16. The method of claim 1, wherein the macrolide is administered as a controlled release formulation.

17. A system for treating an ocular condition as in claim 1, comprising:

an ocular drug delivery device including at least one drug reservoir; and

a macrolide contained within the drug reservoir.

18. The system of claim 17, wherein the macrolide is a member selected from the group consisting of SDZ-RAD, tacrolimus, everolimus, pimecrolimus, CCl-779, AP23841, ABT-578, cyclophilins, FK506-binding proteins (FKBPs), TAFA-93, RAD-001, temsirolimus, AP23573, 7-epi-rapamycin, 7-thiomethyl-rapamycin, 7-epi-trimethoxyphenyl-rapamycin, 7-epi-thiomethyl-rapamycin, 7-demethoxy-rapamycin, 32-demethoxy-rapamycin, 2-desmethyl-rapamycin, monoester derivatives of rapamycin, diester derivatives of rapamycin, 27-oximes of rapamycin; 42-oxo analogs of rapamycin; bicyclic rapamycins; rapamycin dimers; silyl ethers of rapamycin; rapamycin arylsulfonates, rapamycin sulfamates, monoesters at positions 31 and 42, diesters at positions 31 and 42, 30-demethoxy rapamycin, ascomycin, and pharmaceutically acceptable prodrugs, analogs, salts, and esters thereof.

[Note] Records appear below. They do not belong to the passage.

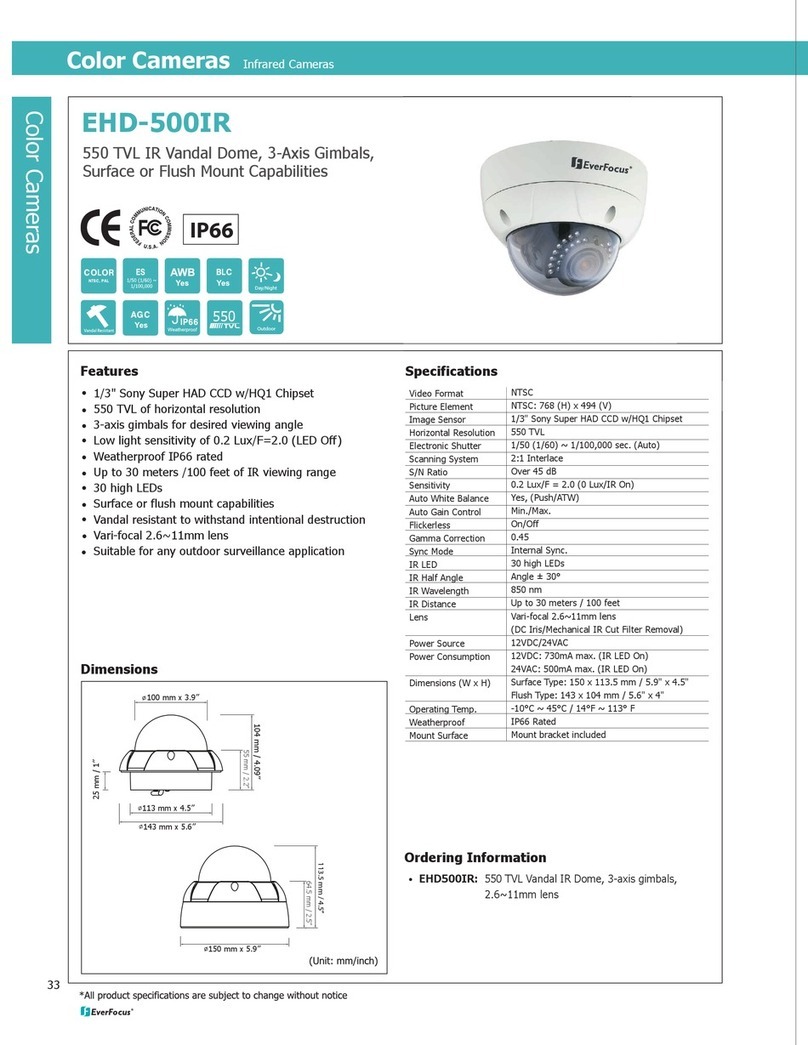 EverFocus EHD500IR User manual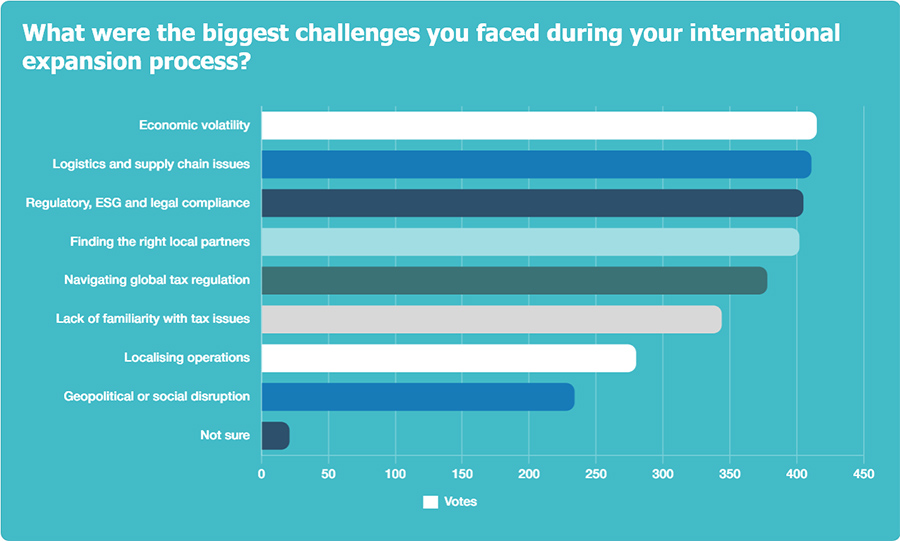 What were the biggest challenges you faced during your international expansion process
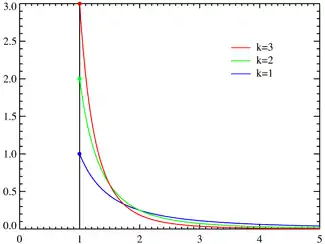 Pareto probability density functions for various α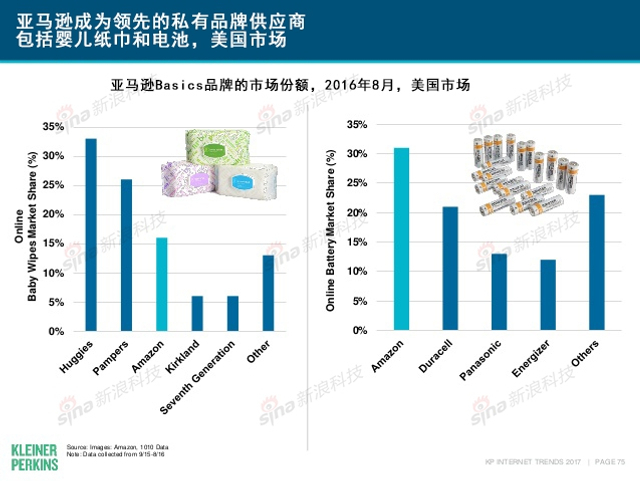 互联网女皇2017年互联网趋势报告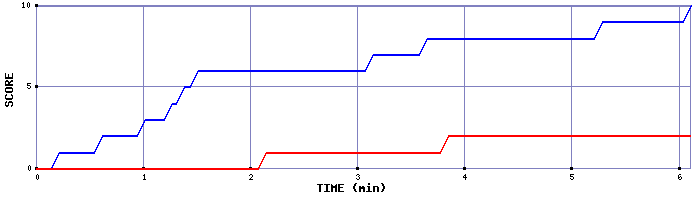 Team Scoring Graph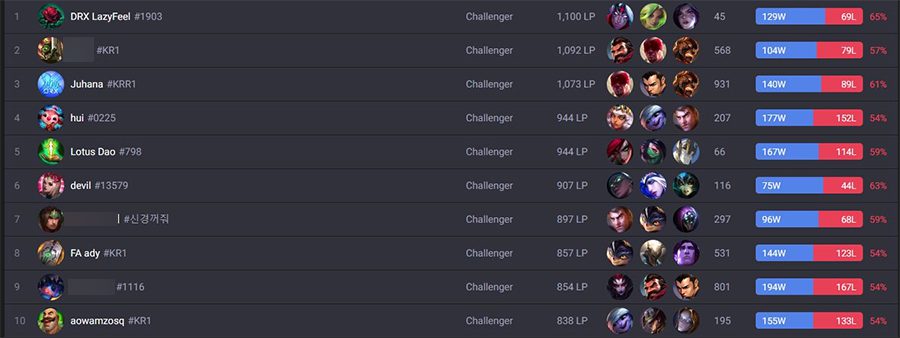LazyFeel achieved top 1 Challenger in Korea
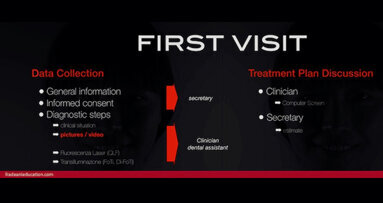 Fotografía en Odontología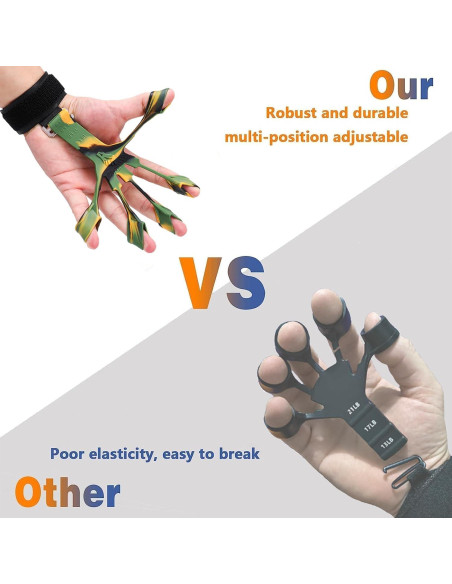 Entrenador de Fuerza de Agarre QTZFKFLHD - 5 Niveles Ajustables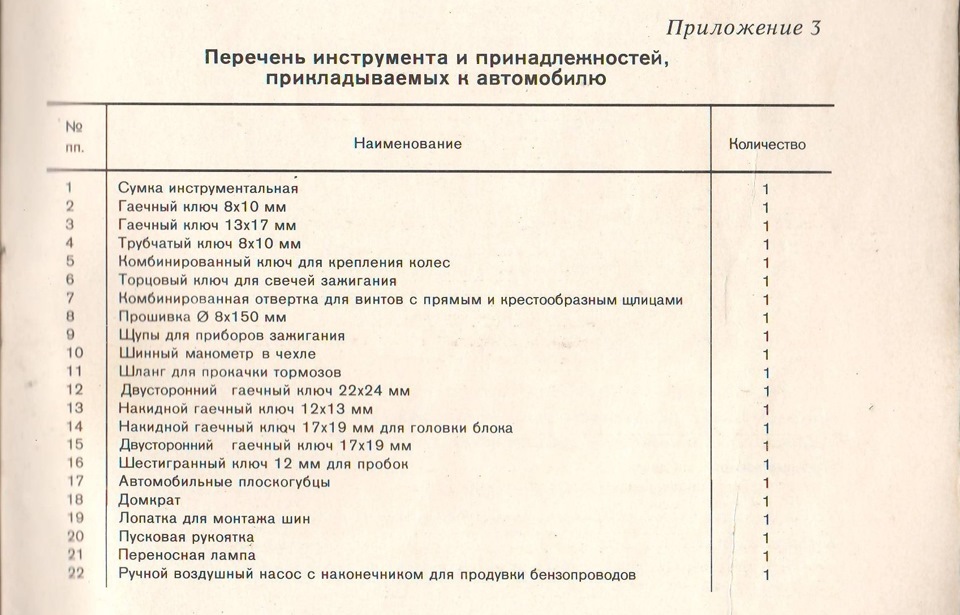 Руководство по ремонт коробки передач ваз 2107 своими руками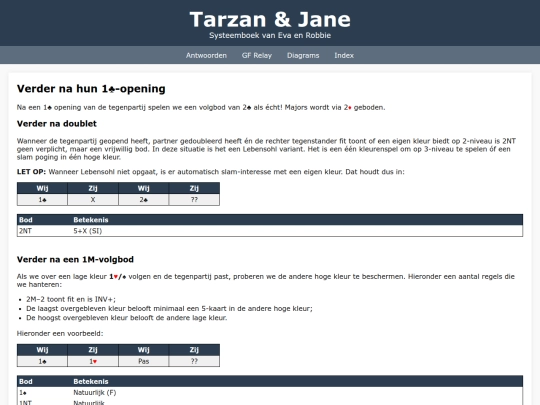 Tarzan/1K-Zij-Opening screenshot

19. The system of claim 17, wherein macrolide is a water soluble rapamycin agent.

20. The system of claim 17, wherein the macrolide is a member selected from the group consisting of ascomycin, and pharmaceutically acceptable prodrugs, analogs, salts, and esters thereof.

21. The system of claim 17, wherein the ocular drug delivery device is an iontophoretic drug delivery device.

22. The system of claim 17, wherein the ocular drug delivery device is a passive drug delivery device.